Die Zahlen sprechen für sich: In fünf aufeinanderfolgenden Krisenjahren ist Griechenlands BIP bisher um 19,1 Prozent geschrumpft. Die allgemeine Arbeitslosenquote liegt aktuell bei 26, die der  Jugendlichen bei 56,4 Prozent. Die realen Detailhandelsumsätze haben sich seit 2007 halbiert. Damit übertrifft die griechische Depression heute schon diejenige Deutschlands von 1929 bis 1932. Auch wenn die (optimistischen) Prognosen der OECD zutreffen, dürften die kumulierten BIP-Verluste Griechenlands die der grossen Depression in den USA noch übertreffen. Dabei haben wir noch nicht von der Zerrüttung der griechischen Gesellschaft um vom Niedergang der Demokratie gesprochen.

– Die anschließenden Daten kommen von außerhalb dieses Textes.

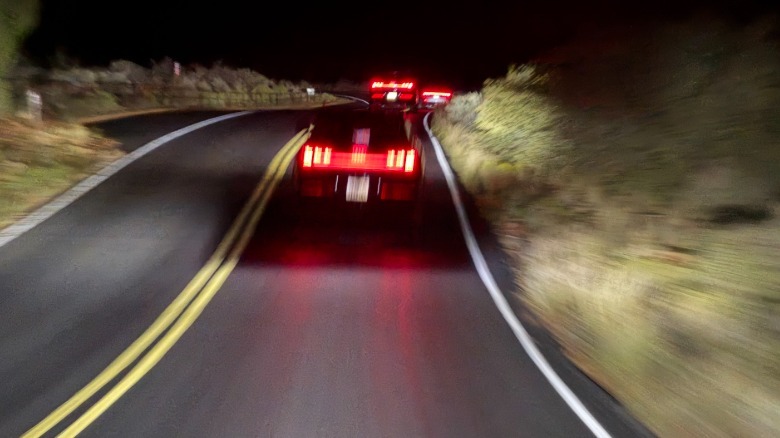blurry photo out the windshield of a Q9 with its matrix beam headlights showing a dark spot surrounding the lead cars but the rest of the view illuminated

Eine solche Fehlleistung muss dringend aufgearbeitet werden. Sind wirklich nur die Unterlassungen der griechischen Regierung für das Desaster verantwortlich? Hat die Troika (EU-Kommission, EZB und IWF) je alternative Diagnosen und Therapien in Betracht gezogen? Von wem hat sie sich – nicht – beraten lassen? Hat sie externe Kritiker angehört? Wie hat sie darauf reagiert, dass ihre Prognosen laufend von der Realität dementiert worden sind? Diese Fragen müssen gestellt und geklärt werden – auch anhand interner Dokumente.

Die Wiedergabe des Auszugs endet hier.